▸ **DATA SHOWN**
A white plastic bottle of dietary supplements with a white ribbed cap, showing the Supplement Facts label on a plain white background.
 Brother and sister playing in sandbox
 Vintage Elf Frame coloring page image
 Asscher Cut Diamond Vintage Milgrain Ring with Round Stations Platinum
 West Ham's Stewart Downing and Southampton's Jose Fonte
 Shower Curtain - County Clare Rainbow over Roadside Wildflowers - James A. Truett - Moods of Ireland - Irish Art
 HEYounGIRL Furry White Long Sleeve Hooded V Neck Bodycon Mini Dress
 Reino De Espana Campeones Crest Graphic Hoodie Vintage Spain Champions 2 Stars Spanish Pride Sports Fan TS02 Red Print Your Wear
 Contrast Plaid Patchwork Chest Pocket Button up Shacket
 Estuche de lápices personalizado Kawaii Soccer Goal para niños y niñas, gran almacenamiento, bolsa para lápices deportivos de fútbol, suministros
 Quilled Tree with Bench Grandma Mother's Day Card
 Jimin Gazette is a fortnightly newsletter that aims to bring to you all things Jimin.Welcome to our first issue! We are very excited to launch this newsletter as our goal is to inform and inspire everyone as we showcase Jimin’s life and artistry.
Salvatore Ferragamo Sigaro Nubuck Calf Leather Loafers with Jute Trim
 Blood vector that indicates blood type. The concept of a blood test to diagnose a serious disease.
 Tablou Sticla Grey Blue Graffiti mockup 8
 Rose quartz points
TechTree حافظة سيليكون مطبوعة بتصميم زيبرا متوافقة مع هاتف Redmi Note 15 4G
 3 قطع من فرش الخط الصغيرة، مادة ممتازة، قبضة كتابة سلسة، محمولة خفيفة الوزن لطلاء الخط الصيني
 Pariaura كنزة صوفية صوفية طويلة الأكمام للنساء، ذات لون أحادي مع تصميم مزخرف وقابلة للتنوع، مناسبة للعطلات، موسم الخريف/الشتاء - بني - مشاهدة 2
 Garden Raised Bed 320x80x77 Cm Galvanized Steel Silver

▸ **DIRECTIONS FOR THIS TASK**
Every record should be given again exactly.

▸ **WRITTEN SOLUTION**
A white plastic bottle of dietary supplements with a white ribbed cap, showing the Supplement Facts label on a plain white background.
 Brother and sister playing in sandbox
 Vintage Elf Frame coloring page image
 Asscher Cut Diamond Vintage Milgrain Ring with Round Stations Platinum
 West Ham's Stewart Downing and Southampton's Jose Fonte
 Shower Curtain - County Clare Rainbow over Roadside Wildflowers - James A. Truett - Moods of Ireland - Irish Art
 HEYounGIRL Furry White Long Sleeve Hooded V Neck Bodycon Mini Dress
 Reino De Espana Campeones Crest Graphic Hoodie Vintage Spain Champions 2 Stars Spanish Pride Sports Fan TS02 Red Print Your Wear
 Contrast Plaid Patchwork Chest Pocket Button up Shacket
 Estuche de lápices personalizado Kawaii Soccer Goal para niños y niñas, gran almacenamiento, bolsa para lápices deportivos de fútbol, suministros
 Quilled Tree with Bench Grandma Mother's Day Card
 Jimin Gazette is a fortnightly newsletter that aims to bring to you all things Jimin.Welcome to our first issue! We are very excited to launch this newsletter as our goal is to inform and inspire everyone as we showcase Jimin’s life and artistry.
Salvatore Ferragamo Sigaro Nubuck Calf Leather Loafers with Jute Trim
 Blood vector that indicates blood type. The concept of a blood test to diagnose a serious disease.
 Tablou Sticla Grey Blue Graffiti mockup 8
 Rose quartz points
TechTree حافظة سيليكون مطبوعة بتصميم زيبرا متوافقة مع هاتف Redmi Note 15 4G
 3 قطع من فرش الخط الصغيرة، مادة ممتازة، قبضة كتابة سلسة، محمولة خفيفة الوزن لطلاء الخط الصيني
 Pariaura كنزة صوفية صوفية طويلة الأكمام للنساء، ذات لون أحادي مع تصميم مزخرف وقابلة للتنوع، مناسبة للعطلات، موسم الخريف/الشتاء - بني - مشاهدة 2
 Garden Raised Bed 320x80x77 Cm Galvanized Steel Silver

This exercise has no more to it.